South African retailer Woolworths has reported a nearly 15% rise in annual profit as promotional sales, online growth and lower debt offset the impact of power cuts in the country and a cost-of-living crisis in its operating regions.
The food and fashion retailer posted headline earnings per share of 423.4 South African cents from continuing operations in the 12-month period ended June 25, from 368.7 cents seen a year earlier.
The company sold an Australian clothing division, David Jones, earlier this year, therefore profit from continuing operations are a more precise measure for the year.
The group's food business saw a 8.5% increase for the full year, or 6.3% on a comparable store basis.
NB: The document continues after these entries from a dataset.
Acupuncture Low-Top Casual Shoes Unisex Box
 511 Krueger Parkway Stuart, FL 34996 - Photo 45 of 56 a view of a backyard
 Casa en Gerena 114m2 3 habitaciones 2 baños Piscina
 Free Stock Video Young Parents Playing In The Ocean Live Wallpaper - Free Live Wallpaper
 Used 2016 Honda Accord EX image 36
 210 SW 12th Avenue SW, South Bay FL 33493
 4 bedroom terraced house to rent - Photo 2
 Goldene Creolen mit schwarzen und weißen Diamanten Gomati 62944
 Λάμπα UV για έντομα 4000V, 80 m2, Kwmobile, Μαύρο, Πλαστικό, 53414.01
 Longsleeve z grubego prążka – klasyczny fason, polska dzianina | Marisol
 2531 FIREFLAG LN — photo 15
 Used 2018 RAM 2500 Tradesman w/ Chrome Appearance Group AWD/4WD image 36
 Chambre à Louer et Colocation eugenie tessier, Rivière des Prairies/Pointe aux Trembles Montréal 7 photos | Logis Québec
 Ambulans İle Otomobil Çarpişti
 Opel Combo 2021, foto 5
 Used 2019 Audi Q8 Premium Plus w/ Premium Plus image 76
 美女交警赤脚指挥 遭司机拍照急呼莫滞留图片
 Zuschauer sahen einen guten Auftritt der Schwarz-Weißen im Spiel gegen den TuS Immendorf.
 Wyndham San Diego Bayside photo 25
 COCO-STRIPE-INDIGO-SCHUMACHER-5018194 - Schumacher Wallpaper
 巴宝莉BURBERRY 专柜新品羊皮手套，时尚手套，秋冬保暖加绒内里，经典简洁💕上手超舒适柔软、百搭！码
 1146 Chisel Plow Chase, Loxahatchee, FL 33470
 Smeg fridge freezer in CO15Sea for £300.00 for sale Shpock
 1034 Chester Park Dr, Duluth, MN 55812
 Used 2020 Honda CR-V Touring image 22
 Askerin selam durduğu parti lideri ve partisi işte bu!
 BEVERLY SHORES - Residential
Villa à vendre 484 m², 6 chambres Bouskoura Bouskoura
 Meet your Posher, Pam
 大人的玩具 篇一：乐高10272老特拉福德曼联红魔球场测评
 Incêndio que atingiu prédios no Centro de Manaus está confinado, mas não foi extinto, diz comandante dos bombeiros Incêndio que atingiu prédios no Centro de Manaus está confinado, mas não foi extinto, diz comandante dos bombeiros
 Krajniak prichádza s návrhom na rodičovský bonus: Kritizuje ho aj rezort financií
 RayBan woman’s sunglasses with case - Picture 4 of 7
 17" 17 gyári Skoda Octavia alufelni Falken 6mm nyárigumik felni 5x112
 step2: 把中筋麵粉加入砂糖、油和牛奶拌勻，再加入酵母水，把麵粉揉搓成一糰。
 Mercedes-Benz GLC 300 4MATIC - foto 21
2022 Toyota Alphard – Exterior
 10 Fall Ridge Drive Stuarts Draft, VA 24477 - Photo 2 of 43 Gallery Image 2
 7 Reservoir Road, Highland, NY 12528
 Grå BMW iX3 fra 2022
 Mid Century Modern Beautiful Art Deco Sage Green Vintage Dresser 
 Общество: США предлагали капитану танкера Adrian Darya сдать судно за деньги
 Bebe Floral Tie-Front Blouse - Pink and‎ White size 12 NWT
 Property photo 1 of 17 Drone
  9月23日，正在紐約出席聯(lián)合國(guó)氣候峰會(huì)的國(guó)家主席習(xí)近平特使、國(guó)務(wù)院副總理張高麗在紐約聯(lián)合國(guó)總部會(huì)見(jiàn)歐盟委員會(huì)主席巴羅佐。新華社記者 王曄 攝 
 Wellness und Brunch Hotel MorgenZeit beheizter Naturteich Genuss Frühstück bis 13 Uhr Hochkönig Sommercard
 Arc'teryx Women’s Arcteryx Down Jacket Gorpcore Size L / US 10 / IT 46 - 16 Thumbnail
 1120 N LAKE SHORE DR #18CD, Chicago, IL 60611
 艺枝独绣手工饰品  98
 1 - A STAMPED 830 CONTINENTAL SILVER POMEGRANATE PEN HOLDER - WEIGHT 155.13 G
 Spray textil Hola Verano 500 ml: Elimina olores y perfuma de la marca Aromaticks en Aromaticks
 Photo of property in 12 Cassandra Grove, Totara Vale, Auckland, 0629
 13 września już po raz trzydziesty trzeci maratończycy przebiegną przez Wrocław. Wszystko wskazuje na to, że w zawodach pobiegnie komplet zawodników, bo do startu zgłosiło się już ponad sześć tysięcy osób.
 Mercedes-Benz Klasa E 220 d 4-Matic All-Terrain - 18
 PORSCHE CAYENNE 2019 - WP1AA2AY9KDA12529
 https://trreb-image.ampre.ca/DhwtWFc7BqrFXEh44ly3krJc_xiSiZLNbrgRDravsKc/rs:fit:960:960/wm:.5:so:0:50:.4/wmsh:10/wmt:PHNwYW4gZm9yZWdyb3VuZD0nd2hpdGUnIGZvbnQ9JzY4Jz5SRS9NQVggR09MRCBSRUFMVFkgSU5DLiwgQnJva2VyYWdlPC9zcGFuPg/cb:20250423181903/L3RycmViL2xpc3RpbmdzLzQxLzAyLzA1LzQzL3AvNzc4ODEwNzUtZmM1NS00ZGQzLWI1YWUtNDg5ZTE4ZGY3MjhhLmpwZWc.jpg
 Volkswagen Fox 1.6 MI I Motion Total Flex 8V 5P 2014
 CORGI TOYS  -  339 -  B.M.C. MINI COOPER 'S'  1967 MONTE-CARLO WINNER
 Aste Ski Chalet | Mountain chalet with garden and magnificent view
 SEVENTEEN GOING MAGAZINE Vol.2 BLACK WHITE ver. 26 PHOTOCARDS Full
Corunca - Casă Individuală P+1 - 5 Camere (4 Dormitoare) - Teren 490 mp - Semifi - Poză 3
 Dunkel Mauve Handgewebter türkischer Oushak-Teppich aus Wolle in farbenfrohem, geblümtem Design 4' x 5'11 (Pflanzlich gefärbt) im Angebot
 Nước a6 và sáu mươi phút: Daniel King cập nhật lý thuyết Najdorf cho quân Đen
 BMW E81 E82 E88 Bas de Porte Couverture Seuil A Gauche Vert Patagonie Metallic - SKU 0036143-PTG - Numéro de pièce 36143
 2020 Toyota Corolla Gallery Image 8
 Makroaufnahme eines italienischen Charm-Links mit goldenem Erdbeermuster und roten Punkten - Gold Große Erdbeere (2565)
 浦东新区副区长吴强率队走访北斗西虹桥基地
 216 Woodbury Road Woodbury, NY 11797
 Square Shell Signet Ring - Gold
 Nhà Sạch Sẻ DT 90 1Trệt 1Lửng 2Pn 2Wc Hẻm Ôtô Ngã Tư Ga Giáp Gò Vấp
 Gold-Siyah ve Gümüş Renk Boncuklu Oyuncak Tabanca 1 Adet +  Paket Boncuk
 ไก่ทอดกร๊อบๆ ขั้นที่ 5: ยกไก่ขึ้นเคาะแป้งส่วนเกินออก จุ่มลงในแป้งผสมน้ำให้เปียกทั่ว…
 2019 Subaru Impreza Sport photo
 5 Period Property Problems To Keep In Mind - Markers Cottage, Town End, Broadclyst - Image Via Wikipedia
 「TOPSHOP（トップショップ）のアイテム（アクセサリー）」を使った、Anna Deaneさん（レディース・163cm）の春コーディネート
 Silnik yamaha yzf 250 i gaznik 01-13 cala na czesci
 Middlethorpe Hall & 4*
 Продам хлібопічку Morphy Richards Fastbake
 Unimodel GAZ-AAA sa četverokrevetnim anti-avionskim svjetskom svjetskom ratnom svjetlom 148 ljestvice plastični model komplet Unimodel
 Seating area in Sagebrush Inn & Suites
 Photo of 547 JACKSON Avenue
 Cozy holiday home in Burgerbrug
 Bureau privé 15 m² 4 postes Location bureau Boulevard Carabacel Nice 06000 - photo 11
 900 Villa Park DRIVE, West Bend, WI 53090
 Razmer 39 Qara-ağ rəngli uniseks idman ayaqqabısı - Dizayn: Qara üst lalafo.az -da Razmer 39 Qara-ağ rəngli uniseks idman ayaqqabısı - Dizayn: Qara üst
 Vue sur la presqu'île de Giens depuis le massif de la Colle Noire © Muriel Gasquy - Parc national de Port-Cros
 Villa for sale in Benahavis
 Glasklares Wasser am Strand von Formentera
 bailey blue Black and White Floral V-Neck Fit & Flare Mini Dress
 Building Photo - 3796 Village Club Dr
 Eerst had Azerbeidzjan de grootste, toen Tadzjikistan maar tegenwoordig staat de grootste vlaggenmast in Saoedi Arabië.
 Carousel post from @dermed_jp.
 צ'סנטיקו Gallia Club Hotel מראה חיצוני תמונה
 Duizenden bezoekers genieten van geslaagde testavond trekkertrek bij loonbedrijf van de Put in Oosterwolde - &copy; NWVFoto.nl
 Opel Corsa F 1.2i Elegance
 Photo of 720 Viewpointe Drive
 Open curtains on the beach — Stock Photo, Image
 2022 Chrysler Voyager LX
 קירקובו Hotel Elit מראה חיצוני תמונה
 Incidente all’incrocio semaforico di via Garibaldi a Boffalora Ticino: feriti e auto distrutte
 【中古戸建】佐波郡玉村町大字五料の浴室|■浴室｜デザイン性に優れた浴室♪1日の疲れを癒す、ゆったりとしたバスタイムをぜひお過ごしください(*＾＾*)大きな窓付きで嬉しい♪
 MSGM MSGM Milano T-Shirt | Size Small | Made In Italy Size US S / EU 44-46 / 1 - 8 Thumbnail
Growth in its food business accelerated to 9.4% in the second half of the year, 'driven by both increased footfall and improved availability, notwithstanding the considerable disruption caused by higher levels of load shedding', the group added.
Power Outages
The company has seen increased food wastage as a result of South Africa's worst rolling blackouts on record, it said in a statement in July.
Woolworths has had to increase its diesel spend on back-up generators to keep produce fresh and operations afloat across the South African supply chain.
Read More: South African Food Producers Warn Of Higher Prices As Infrastructure Crumbles
Inflation Impact
Adding to the risks, sticky inflation across both its South African and Australian operations prompted consumers to tighten their purse strings.
'The trading environment is likely to remain challenging across both geographies for the foreseeable future, as elevated inflation and interest rates pose a headwind to the outlook for disposable income and discretionary spend,' the company said in a statement.